Skip all pictures. Set down only the lines starting at the line containing "Lot 731 - A" and running to the end of the listing.

----

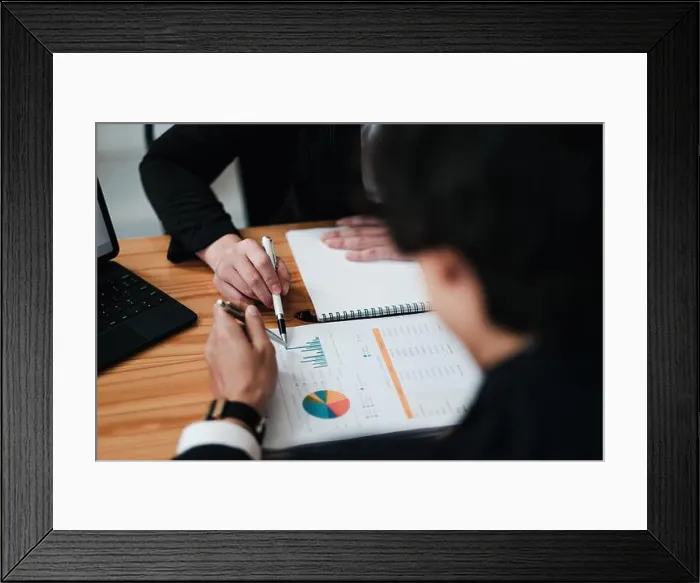 Framed Print : Diverse businesspeople discuss financial report in charts diagrams and graphs close up Framed Print : Diverse businesspeople discuss financial report in charts diagrams and graphs close up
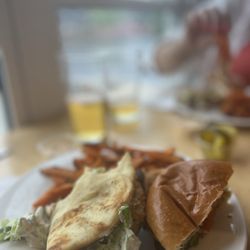 On the Docks - Crispy chicken naan Wrap (SOOOOOOO SCRUMPTIOUS)! and hot chicken sandwich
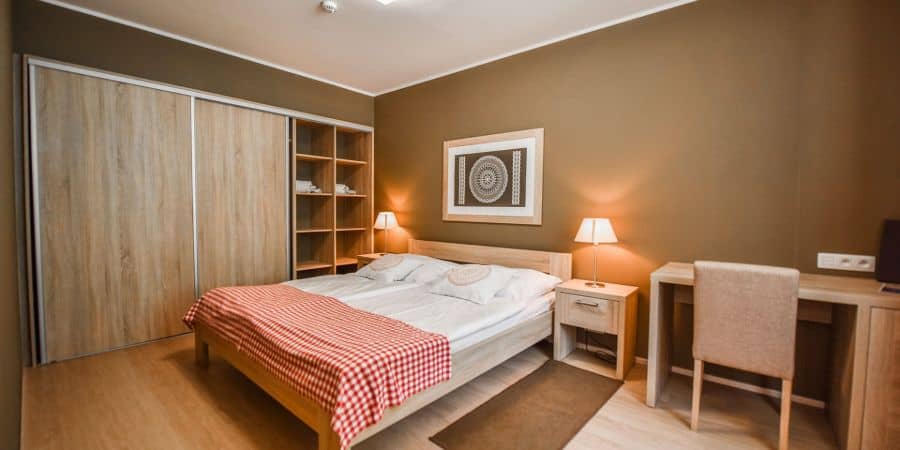 Cozy bedroom with double bed, large wardrobe, desk, and warm lighting.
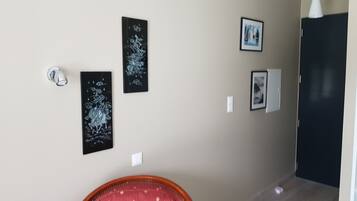 Un couloir avec une porte, un interrupteur et trois œuvres d’art encadrées accrochées au mur.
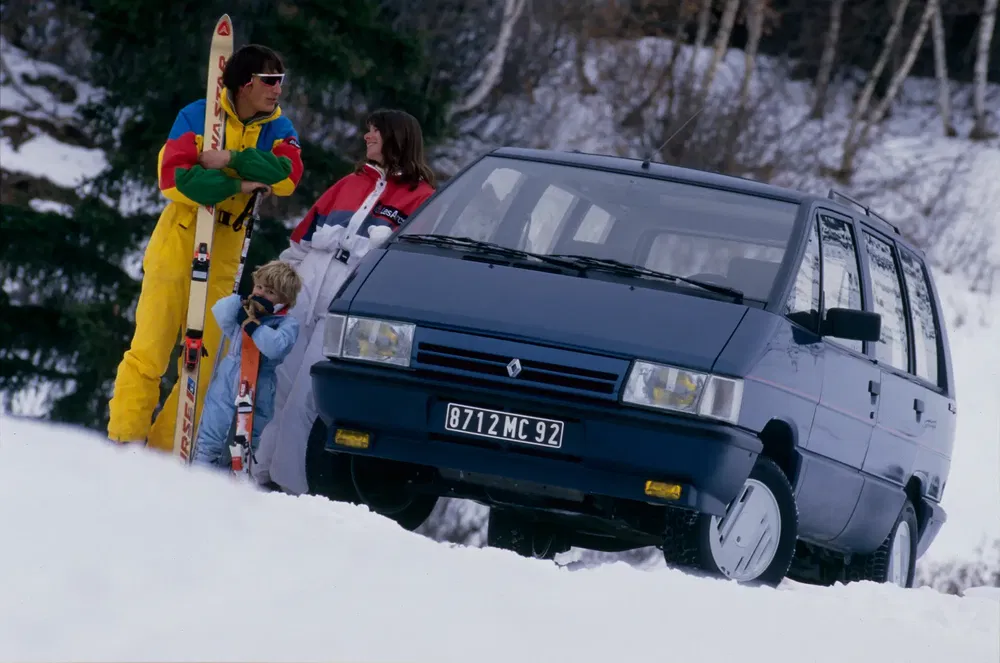 Renault Espace garé dans la neige avec une famille équipée de skis, ambiance hivernale.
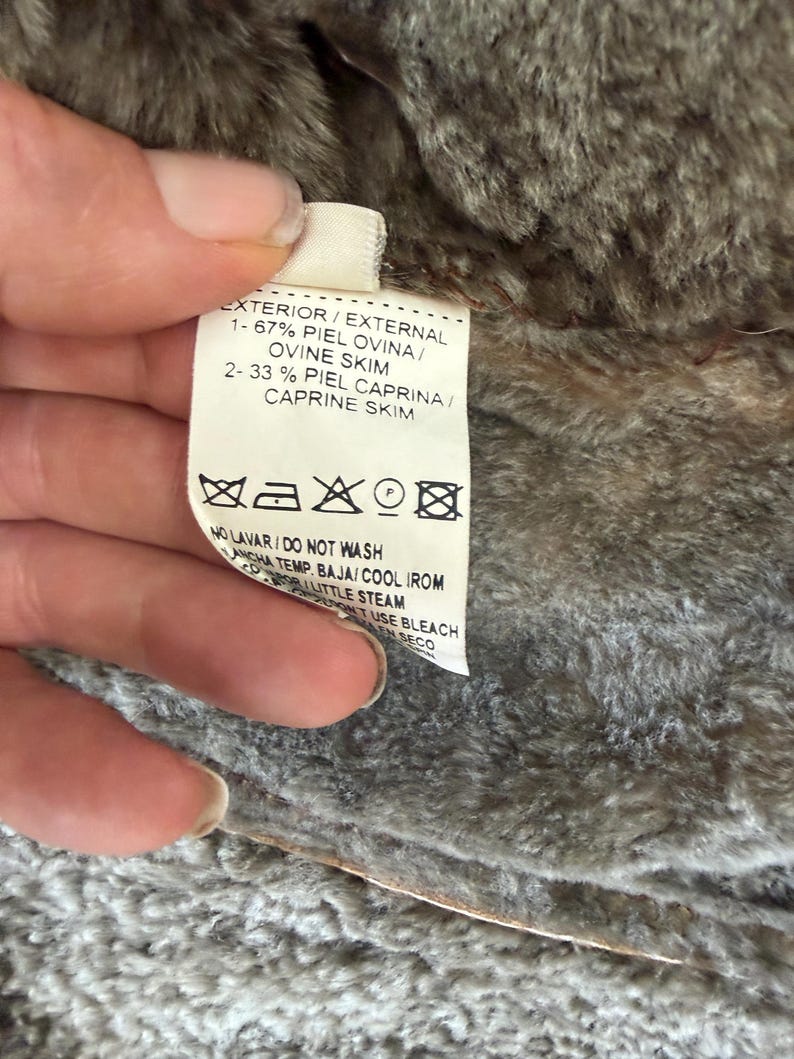 May include: A white garment care label with black text attached to a brown faux fur lining. The label lists 67% ovine skin and 33% caprine skin, along with laundry symbols and instructions including do not wash, cool iron, and do not use bleach.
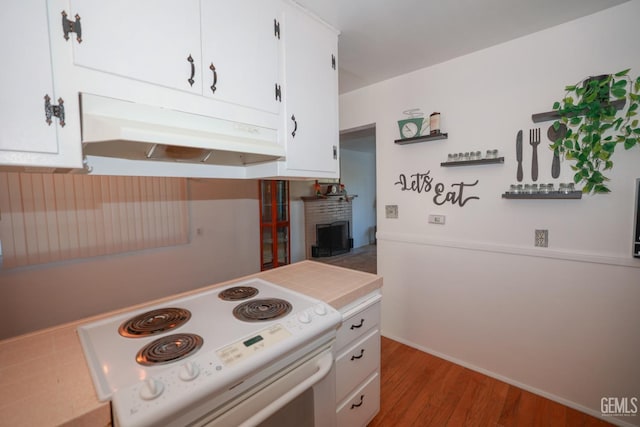 kitchen with hardwood / wood-style floors, tile countertops, white range with electric cooktop, white cabinets, and a fireplace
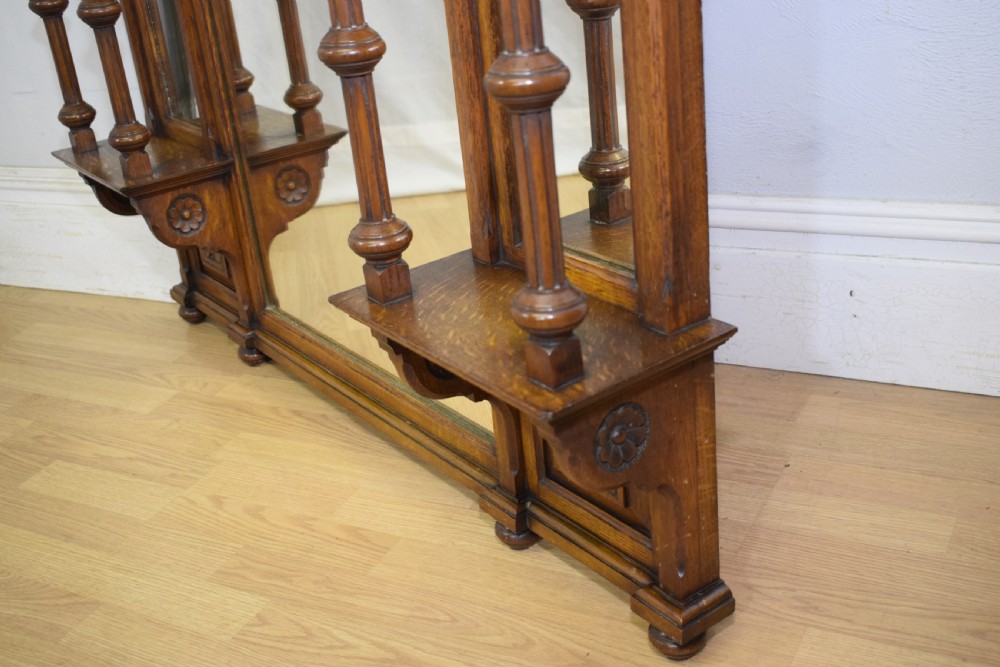 A Victorian carved oak overmantel mirror featuring turned side columns, small side display shelves, an arched pediment, and mirrored glass panels. View XXVII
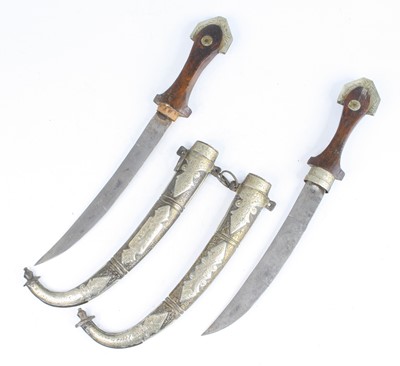 Lot 731 - A pair of Eastern daggers, each having a 20cm...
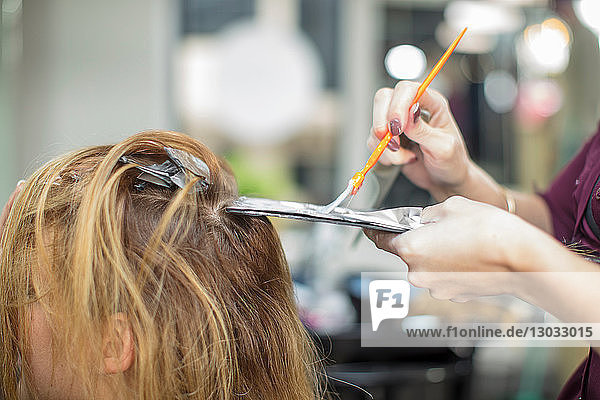 Friseur färbt den Kunden im Salon die Haare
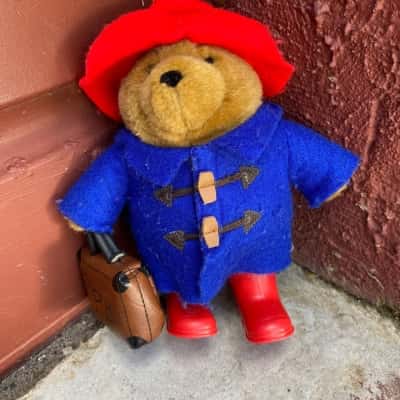 2006 Vintage Augusta du Bay Paddington Bear with suitcase, red hat and boots.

----

TASK RESULT:
 Lot 731 - A pair of Eastern daggers, each having a 20cm...
 Friseur färbt den Kunden im Salon die Haare
 2006 Vintage Augusta du Bay Paddington Bear with suitcase, red hat and boots.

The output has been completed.